SOURCE: "Pushkin's Prose," in Pushkin: A Collection of Articles and Essays on the Great Russian Poet, A. S. Pushkin, The U. S. S. R. Society for Cultural Relations with Foreign Countries, 1939, pp. 106-15.

I

In Pushkin's days Russian prose was chiefly imitative. In 1834 Pushkin wrote an article of which the title alone "The Paltriness of Russian Literature"—is sufficient to show how matters stood. In this article he wrote:

"Voltaire and the titans have not a single disciple in Russia, but ungifted pygmies, fungi that grew up at the roots of the oaks: Dorat, Florian, Marmontel, Guichard, Madame de Genlis, hold sway over Russian literature. Sterne is alien to us all except Karamzin."

Pushkin strove to be a philosophical and literary influence in the country. He wrote for his readers and he was not content with writing poetry only. In an anonymous article published in the third issue of Sovremennik (The Contemporary) Pushkin wrote in the name of "Reader from Tver."

"You say that of late an indifference on the part of the public towards poetry, and a preference for novels, stories and the like has been noticeable. But is not poetry always an enjoyment for a few chosen ones while stories and novels are read by all kinds of people everywhere?"

Pushkin began his prose work with an historical novel. The first notes for The Negro of Peter the Great were jotted down in 1827.

It was the age of the great historical novels of Walter Scott, and also the age of new ideas on history. The different countries in their struggles against one another during the epoch of the Napoleonic wars were becoming conscious of themselves as nations. The great struggle was giving rise to a feeling for history.

"In our days," wrote Pushkin, "the word 'novel' means an historical epoch developed in the form of an imaginary story. Walter Scott gave rise to a whole throng of imitators."

Novels were written by Bestuzhev, Polevoi and Zagoskin.

The biography of one of Pushkin's ancestors lies at the basis of Pushkin's unfinished historical novel The Negro of Peter the Great. Peter I bought a Negro called Hannibal. The boy came from Northern Abyssinia. Peter sent him to Paris where the young man studied and served as an officer in the sappers. The tsar had a high opinion of him and wished to establish a position for him among the snobbish aristocracy. In the fragments of his novel Pushkin described his great-grandfather's life in Paris as that of a young man of society. In actual fact Hannibal, while in France, lived the hard life of an impecunious officer. In taking this subject Pushkin wished to tell a somewhat remarkable story. The fact is that Pushkin's great-great-grandfather on his mother's side was also a Pushkin and in the novel he apparently wished to represent the rivalry between his two great-grandfathers, the Negro and the Russian, over a Russian woman.

The novel is written quite realistically. Pushkin avoided the danger of giving a conventional picture of the past. Instead he gave an exact description of Peter's society "assemblies," contrasting the life of old Russia with the semi-Europeanised court of Peter.

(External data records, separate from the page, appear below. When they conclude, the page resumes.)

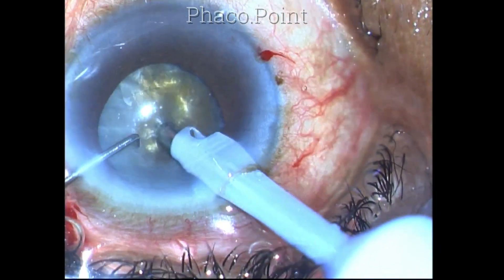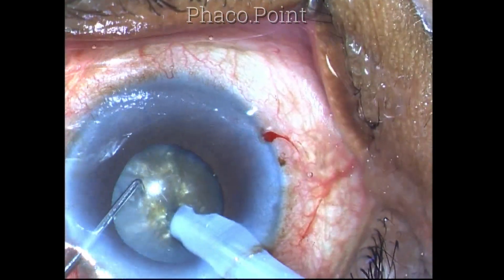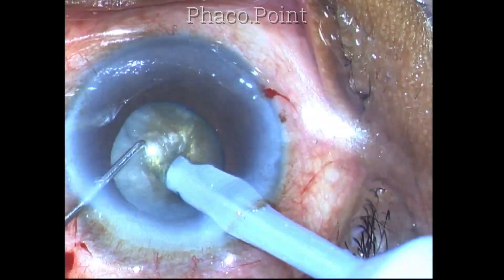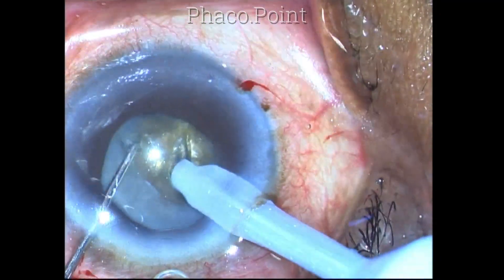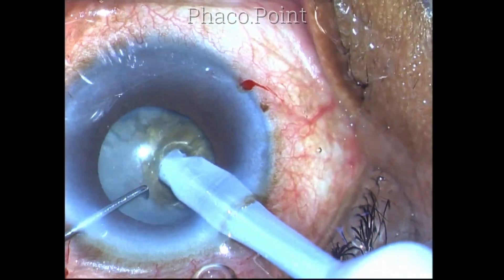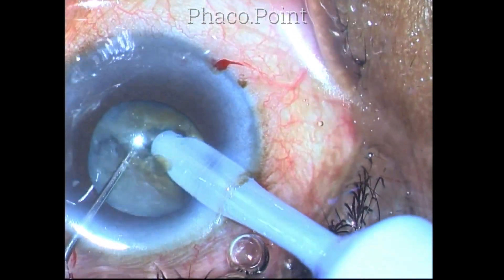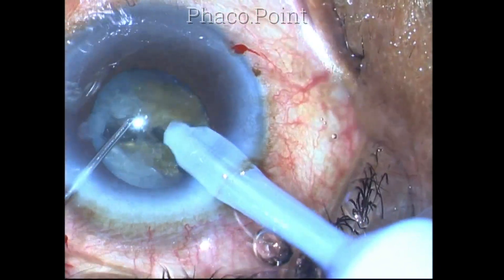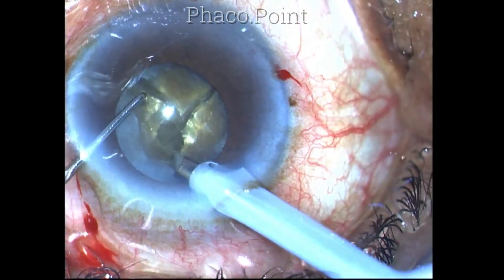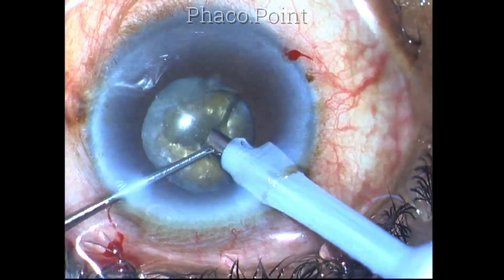The first chop has not gone through and through. I succeed only in cracking the superficial part of the lens. I then realized this cataract is much harder than I anticipated. In order to get a proper hold, I need to bury the tip deep into the substance of the nucleus. Once I have buried it to sufficient depth and I'm able to hold the lens with a certain amount of suction, then it's easy to crack this nucleus.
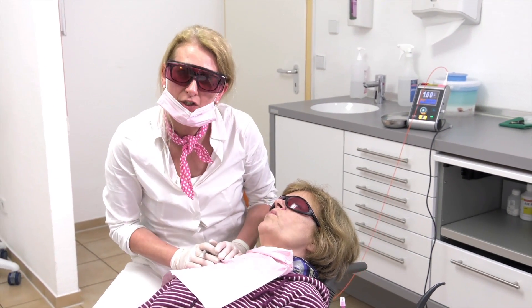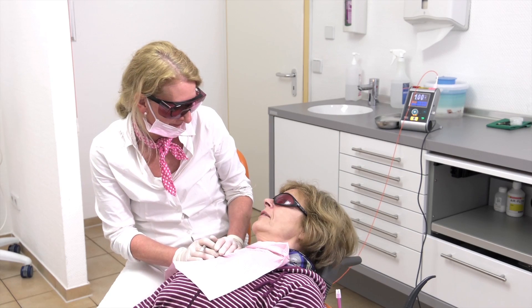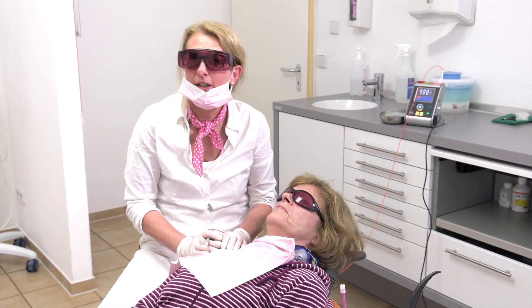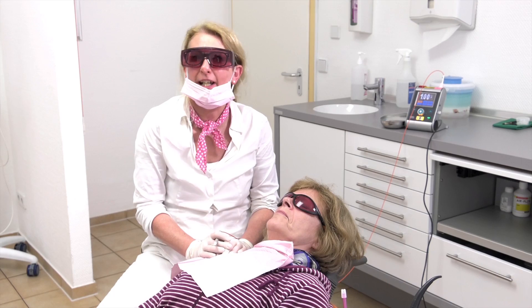Now we will ask the patient how she feels. How do you feel? I'm very fine. And you — was it painful? No, no. Okay. So, you heard it — it wasn't painful at all.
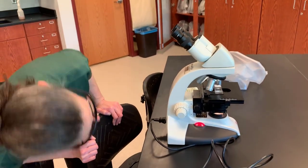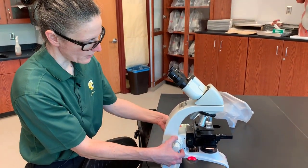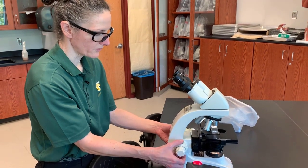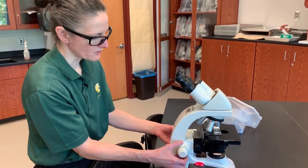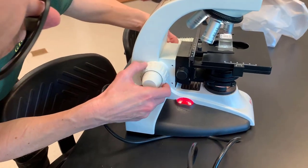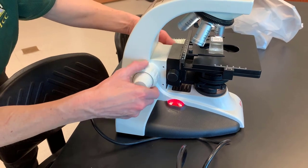Another thing we will see is we have our focus knobs. We have what's called a coarse focus knob and a fine focus knob — some people call these the coarse and fine adjustments. Either way, they basically will move the stage up and down, and that is what's going to help you focus the slide.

In The Negro of Peter the Great Pushkin strove for a new understanding of history. He brought history nearer to himself and to his reader by making it, as it were, part of his own biography.

Pushkin's serene and objective art is always deeply personal.

Tales of Belkin begin with an introduction giving the biography of an imaginary character, Ivan Petrovich Belkin. Belkin is described as an unassuming man of no great education who acquired what learning he had from a village deacon. All the stories of Belkin were written by Pushkin in the autumn of 1830. They include "The Station-master," "Mistress into Maid," "The Shot," "The Snowstorm," and "The Undertaker." There was to have been another story of the series called "Notes of a Young Man." In this unwritten story Pushkin wanted to give a picture of the mutiny of the Chernigov regiment in 1825. But he was obliged to choose more innocent subjects.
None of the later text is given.